Tutorial in Menu - Question about execution

Working the Web tutorials. (Help | Tutorials) Brings up the Task List tutorial.

A question about where code executes (browser vs server)

Since there is no database access and no going to different pages, all this code should run in the browser with no round-trip to the server?
I have no way to confirm this until I buy, but I want know exactly what executes and where.
How do I know what code executes where?
Is there any way to force code that does not require a server - to execute on the client?

All code executes on the server. There is no client side processing. AFAIK there is no way to do this natively.

If I have a way to measure the traffic, I may be able to deal with this.

I’m in the demo version, have not paid yet.

When I hit the ‘Run’ button, where is the built deliverable?

And I’m not sure what tools would measure traffic on a localhost.

Any information on how Xojo communicates client-server and what the payload is in these communications will help me.

I can’t just jump in until I have a good grasp on the load.

[quote=89007:@Gunnar Swan]If I have a way to measure the traffic, I may be able to deal with this.

I’m in the demo version, have not paid yet.

When I hit the ‘Run’ button, where is the built deliverable?

And I’m not sure what tools would measure traffic on a localhost.

Any information on how Xojo communicates client-server and what the payload is in these communications will help me.

I can’t just jump in until I have a good grasp on the load.[/quote]

Unless you compile as CGI, you’d be essentially building a web server that you deploy as a standalone app. This means most of what you want to do with it would be controlled and programmed by you. All statistics and logfiles.

Essentially, it’s as if you were writing your own version of an Apache web server.

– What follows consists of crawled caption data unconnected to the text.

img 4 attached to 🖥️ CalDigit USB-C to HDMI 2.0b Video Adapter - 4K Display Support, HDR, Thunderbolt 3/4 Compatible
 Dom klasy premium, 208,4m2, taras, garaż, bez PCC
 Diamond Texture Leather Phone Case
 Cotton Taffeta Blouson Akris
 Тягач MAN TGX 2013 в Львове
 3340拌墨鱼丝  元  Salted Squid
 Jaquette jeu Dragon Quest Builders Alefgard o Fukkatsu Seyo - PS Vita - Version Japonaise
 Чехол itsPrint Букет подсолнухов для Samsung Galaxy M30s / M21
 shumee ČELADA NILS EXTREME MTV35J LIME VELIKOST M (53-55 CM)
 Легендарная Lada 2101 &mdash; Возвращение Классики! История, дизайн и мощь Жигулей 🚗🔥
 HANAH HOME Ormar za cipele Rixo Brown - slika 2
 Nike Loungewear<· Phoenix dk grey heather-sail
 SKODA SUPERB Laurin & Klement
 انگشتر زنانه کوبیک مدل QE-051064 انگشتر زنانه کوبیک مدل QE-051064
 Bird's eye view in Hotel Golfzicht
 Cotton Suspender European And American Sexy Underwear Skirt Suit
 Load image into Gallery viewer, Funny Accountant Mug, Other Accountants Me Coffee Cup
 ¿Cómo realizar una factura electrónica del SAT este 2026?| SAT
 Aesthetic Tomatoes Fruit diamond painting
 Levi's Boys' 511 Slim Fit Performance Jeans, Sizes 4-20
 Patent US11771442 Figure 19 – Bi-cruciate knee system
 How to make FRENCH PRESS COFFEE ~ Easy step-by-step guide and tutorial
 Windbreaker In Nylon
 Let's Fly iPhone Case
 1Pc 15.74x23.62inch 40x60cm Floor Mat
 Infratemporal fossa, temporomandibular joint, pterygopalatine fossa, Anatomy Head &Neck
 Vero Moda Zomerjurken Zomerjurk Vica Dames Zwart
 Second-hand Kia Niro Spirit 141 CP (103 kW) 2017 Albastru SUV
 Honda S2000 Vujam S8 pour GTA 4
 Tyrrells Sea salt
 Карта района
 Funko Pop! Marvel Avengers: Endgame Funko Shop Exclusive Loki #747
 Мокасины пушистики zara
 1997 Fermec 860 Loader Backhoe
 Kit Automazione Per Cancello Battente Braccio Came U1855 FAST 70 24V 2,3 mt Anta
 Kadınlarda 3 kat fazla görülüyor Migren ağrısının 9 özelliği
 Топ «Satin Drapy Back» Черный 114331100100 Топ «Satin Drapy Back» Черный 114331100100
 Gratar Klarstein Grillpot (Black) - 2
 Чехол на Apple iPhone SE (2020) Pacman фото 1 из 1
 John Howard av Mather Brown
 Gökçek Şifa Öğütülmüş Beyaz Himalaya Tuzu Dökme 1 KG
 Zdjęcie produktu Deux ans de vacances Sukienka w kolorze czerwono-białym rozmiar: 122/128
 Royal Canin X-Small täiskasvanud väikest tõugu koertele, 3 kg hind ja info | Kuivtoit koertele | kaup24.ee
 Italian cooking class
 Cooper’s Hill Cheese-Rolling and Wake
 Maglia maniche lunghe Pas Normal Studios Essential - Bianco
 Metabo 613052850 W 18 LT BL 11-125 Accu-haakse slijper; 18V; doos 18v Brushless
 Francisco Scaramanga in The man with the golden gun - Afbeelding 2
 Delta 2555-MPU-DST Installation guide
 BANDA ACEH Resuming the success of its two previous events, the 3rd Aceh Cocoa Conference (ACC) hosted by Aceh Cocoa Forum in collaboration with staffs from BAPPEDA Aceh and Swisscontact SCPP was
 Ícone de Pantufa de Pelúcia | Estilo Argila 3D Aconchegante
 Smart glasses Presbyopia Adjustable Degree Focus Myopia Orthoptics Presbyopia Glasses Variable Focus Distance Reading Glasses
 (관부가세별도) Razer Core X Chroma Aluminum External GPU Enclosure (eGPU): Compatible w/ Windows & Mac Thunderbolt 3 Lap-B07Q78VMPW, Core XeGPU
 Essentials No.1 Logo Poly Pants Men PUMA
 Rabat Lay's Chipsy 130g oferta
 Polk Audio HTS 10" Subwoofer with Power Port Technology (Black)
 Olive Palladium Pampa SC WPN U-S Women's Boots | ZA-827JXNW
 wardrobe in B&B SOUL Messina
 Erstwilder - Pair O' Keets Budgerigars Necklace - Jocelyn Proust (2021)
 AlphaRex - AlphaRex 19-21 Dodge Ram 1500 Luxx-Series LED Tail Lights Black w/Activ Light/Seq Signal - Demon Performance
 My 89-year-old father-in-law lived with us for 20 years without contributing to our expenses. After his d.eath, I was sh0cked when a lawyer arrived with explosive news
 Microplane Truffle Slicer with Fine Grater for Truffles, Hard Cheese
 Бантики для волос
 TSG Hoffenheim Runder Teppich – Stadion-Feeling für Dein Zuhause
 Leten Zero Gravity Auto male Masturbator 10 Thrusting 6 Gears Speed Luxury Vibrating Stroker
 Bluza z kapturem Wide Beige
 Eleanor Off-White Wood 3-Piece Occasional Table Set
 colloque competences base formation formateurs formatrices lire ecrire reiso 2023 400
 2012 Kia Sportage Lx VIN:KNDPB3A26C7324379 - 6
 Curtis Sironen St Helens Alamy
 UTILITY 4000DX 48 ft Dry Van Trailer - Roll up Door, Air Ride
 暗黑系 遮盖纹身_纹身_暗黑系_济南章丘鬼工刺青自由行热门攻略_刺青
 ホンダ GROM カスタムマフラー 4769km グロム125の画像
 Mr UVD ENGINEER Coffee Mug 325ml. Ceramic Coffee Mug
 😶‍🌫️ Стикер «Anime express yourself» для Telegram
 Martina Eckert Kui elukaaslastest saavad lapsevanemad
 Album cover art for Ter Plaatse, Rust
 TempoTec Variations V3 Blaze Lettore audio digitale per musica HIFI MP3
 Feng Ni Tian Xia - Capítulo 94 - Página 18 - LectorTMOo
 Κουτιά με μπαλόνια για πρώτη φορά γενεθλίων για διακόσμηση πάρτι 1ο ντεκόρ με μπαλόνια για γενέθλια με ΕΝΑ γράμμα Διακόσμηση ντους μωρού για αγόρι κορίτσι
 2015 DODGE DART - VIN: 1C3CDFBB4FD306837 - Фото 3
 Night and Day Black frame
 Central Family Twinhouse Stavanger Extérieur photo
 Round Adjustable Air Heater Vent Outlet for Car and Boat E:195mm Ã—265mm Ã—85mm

As for payload, as Bob mentioned all data is sent by the server, all processing is done there as well. There’s no “Server-client” (other than in the most basic sense, considering a web server and a web client) but an application for which web pages are basically “front-ends”.

If you run your application as CGI, you’d get hit and traffic data from the host web server, but still all the processing would be done in the same way.